● COLLECTED MATERIAL
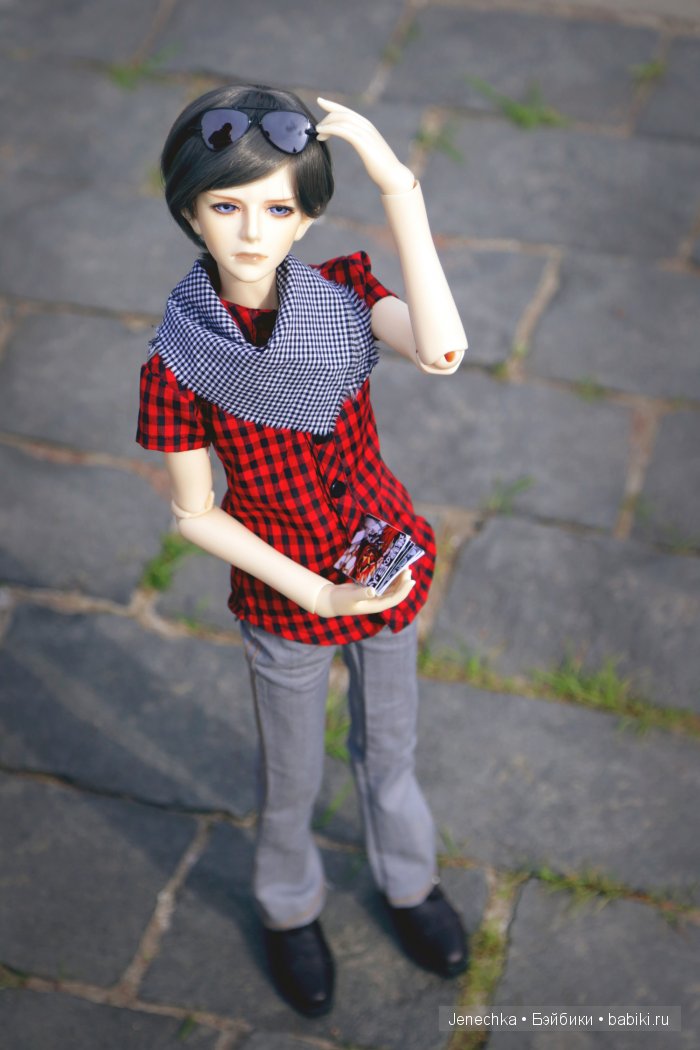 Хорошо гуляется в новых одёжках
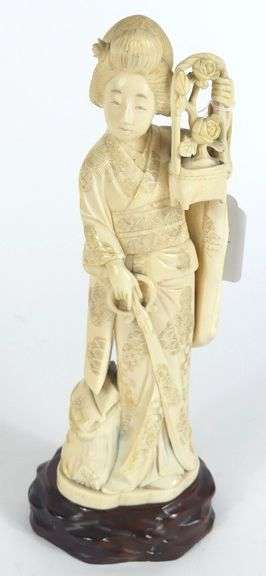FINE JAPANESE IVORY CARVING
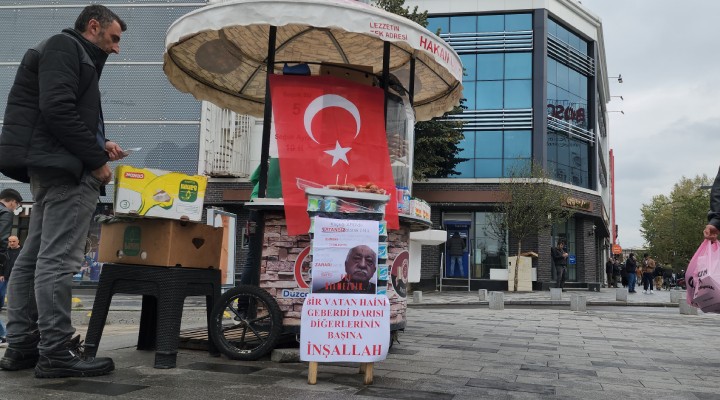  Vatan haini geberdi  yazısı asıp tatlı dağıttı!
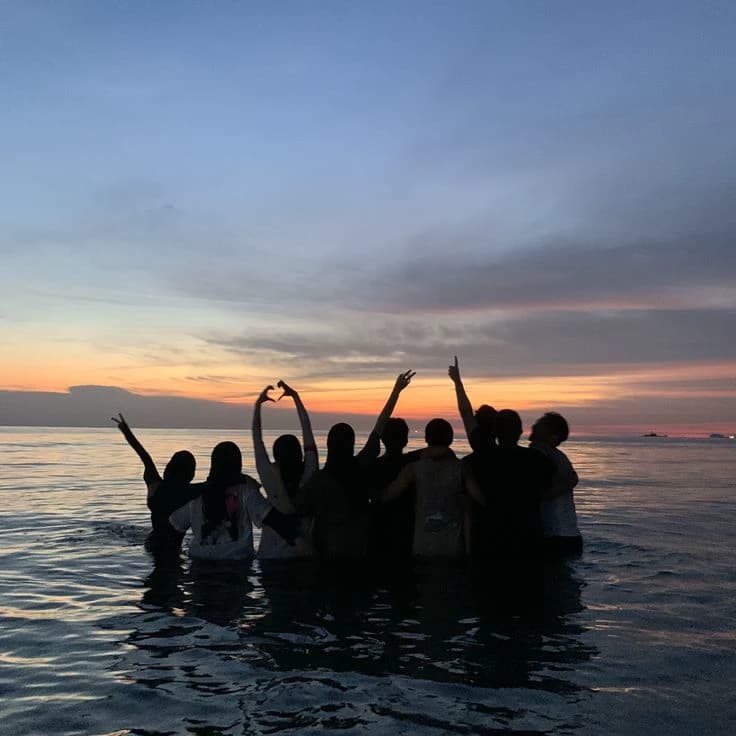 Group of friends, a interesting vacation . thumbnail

● EXERCISE PROMPT
Print the data again word for word, pictures excluded.

● ANSWER TO THIS EXERCISE
 Хорошо гуляется в новых одёжках
FINE JAPANESE IVORY CARVING
  Vatan haini geberdi  yazısı asıp tatlı dağıttı!
 Group of friends, a interesting vacation . thumbnail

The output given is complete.